_WORK INSTRUCTION_
Retype, word for word, every line from the one holding "Lombard Wing Chair,Santoni" through the one holding "RUGOD/2019 Новое поступление" in the entries below, both included, and only those lines.

_SOURCE MATERIAL_
+ + + +

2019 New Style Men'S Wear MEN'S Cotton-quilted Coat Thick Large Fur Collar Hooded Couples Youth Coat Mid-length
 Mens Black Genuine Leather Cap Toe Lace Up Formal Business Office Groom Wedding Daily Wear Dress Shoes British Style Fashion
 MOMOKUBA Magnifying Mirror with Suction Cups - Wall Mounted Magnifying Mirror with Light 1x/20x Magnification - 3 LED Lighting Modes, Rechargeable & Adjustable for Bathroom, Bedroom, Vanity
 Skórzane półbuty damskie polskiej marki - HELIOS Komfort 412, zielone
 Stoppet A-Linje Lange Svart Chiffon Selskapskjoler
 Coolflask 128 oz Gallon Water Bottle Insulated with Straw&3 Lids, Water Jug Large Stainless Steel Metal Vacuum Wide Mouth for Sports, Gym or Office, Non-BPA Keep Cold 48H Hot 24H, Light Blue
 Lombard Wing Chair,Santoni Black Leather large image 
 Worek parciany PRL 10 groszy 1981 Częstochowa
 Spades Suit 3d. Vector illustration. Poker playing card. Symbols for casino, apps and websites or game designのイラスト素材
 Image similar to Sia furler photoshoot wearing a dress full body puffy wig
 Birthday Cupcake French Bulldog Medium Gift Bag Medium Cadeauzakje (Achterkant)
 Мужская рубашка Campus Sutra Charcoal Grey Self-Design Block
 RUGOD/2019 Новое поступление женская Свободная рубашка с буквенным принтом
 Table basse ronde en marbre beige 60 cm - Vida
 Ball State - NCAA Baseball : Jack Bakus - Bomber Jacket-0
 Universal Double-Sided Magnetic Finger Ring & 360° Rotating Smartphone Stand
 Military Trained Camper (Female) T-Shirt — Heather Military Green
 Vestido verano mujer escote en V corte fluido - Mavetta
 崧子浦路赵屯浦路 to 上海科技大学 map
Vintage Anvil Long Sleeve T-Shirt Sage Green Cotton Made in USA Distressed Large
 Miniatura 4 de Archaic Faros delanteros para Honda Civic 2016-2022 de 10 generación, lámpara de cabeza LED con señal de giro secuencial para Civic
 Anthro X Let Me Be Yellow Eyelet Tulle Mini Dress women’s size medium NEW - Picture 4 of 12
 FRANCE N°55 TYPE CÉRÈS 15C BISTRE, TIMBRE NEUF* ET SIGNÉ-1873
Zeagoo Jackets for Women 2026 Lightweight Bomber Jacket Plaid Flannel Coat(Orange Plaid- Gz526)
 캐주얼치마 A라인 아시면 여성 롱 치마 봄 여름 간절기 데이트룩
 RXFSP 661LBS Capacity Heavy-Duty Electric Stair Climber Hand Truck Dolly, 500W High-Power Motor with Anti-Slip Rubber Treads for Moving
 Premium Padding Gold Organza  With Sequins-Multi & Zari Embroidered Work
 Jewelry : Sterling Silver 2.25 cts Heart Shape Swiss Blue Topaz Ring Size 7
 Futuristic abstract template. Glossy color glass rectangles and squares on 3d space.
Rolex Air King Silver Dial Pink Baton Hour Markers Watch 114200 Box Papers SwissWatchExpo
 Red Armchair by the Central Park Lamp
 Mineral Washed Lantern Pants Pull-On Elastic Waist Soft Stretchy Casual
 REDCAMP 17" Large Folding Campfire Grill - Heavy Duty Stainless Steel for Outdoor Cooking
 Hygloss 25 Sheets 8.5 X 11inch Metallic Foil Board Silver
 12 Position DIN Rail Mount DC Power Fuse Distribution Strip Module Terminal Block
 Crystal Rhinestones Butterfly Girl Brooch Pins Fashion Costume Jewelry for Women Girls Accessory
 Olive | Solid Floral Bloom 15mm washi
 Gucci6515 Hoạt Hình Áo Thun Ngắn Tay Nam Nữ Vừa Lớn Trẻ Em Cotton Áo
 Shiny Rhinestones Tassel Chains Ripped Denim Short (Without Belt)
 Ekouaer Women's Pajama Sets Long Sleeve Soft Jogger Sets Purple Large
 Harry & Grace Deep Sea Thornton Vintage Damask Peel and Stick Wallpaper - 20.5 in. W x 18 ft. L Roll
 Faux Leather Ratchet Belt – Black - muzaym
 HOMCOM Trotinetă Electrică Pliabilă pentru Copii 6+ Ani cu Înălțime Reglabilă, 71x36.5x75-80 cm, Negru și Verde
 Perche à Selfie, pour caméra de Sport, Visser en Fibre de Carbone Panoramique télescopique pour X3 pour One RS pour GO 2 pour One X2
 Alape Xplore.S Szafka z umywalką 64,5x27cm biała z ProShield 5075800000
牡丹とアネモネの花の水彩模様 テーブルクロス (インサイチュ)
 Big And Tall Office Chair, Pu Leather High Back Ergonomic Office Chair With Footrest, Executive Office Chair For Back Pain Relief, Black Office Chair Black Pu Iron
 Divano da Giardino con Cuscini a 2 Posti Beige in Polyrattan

+ + + +

_SOLUTION_
 Lombard Wing Chair,Santoni Black Leather large image 
 Worek parciany PRL 10 groszy 1981 Częstochowa
 Spades Suit 3d. Vector illustration. Poker playing card. Symbols for casino, apps and websites or game designのイラスト素材
 Image similar to Sia furler photoshoot wearing a dress full body puffy wig
 Birthday Cupcake French Bulldog Medium Gift Bag Medium Cadeauzakje (Achterkant)
 Мужская рубашка Campus Sutra Charcoal Grey Self-Design Block
 RUGOD/2019 Новое поступление женская Свободная рубашка с буквенным принтом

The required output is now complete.